コロナ騒動も収束し、そろそろ海外旅行に行きたいと考えている。その候補の一つがモンゴルだ(円安なんでヨーロッパ方面は無理だし)。
この国にも妖怪的なものが、わんさかいる。チクトルが、悪魔・鬼・幽霊等を大きく指す言葉。その中で悪鬼・悪神はシムヌ、人や動物に化ける悪魔はサムル。
絵に描いたマンガスもしくはマンガタイは、最も良く知られる。幾つもの頭を持つ巨大な人喰い鬼。頭の数は、3〜25と話により様々。山奥に棲み、人里に降りてきて、家畜・財産・女を奪って行く。見えざる魔王シャルモル・カンの手下とも、古代インドの悪神ラクーシャサ=羅刹とも言われる。だいたいの話で英雄に退治される。
悪しき鳥モー・ジョボーも知られる。恋を知らずに死んだ美少女の霊。口を袖で隠して旅人を誘惑し、嘴で脳髄を啜る! 正体を見破った狩人が撃ち殺すと、みるみる骨と化した。これとよく似たのものは多い。不自然な死や不幸な人生を送った者の霊であるシュトル、淵に身を投げた女の霊のスニソ、子を産めず死んだ女の霊のアダは、1つ目の子供の姿で、動物に化ける。金属音や火が苦手。ゾードコールは寿命に至らず死んだものが、本来の寿命が来るまでの間になると言われ、人に取り憑く。憑かれた場合、ラマのお教により狼の頭に移して祓う。

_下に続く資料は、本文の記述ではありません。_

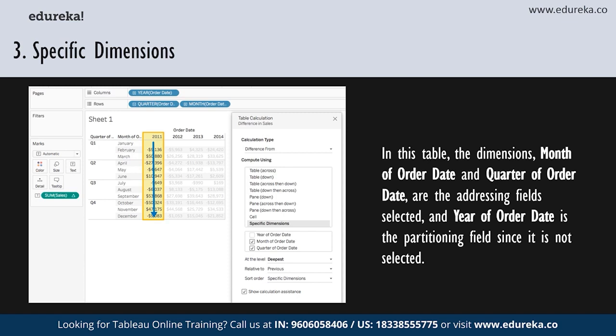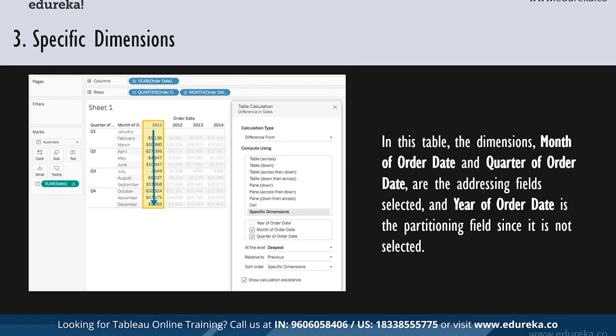In specific dimensions mode, the month of order date and quarter of order date are the addressing fields — they are selected — and the year of order date is the partitioning field since it is not selected. So the calculation transforms the difference from each month across all quarters within a year, and then the calculation starts over for every year. If all dimensions are selected, the entire table is in scope. You also have the at the level option, which is only available when you select specific dimensions and more than one dimension is defined as an addressing field.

子を攫って喰う山姥はミハチン・ショルマス。「遅くまで遊んでいるとミハチンが来るよ!」と使われる。ハル・ホルは兇猛な獣で、天頂に大きな目、虎縞。ローロンはゾンビ、エルリックは閻魔大王。
UMA ではオルゴ・イコルコイ=モンゴリアン・デスワームが有名。ゴビ砂漠に生息し、体長50〜150cm、体重10kg。毒液を出す。1800年代にはロシアが、1990年にはチェコも調査。多くの目撃談を収集し、実在の可能性は高いが正体は不明。ブータンと同じく雪男もいて、アルマス・フン・グレースと呼ばれる。全身毛に覆われ、舌にはトゲが生えている。怪力。男も女もいる。人間の異性を攫って、子を産ませる! 人間の子供も好きで、ゲルに忍び込み乳をやることもあり、これを飲んだ子は丈夫になるという。また、アダ(気鬱の病)に、アルマス(女)の肉が効くと、1717年に出された医学書に書かれている。
モンゴルと言えば、絵に描いた『スーホの白い馬』(1961年、訳・大塚勇三、絵・赤羽末吉)。訳とあるように、元は中国の『馬頭琴』という話で、更にこれもモンゴル自治区で歌われていた歌から作られている。その為、モンゴルの風習とは異なる点も指摘されている。物語の最後、死んでしまった馬から作られる楽器が〈モリンホール=馬頭琴〉。竿の先端部分に馬の彫刻があり、弦や弓は100〜180本の馬の尾の毛で作られている。筆者はここ数年で何度か、この馬頭琴とホーミーのライヴ(岡林立哉さん)に行き、その不思議な音色と歌にすっかり魅了された。いつか、満天の星空のモンゴルの草原で聴いてみたいものだ…。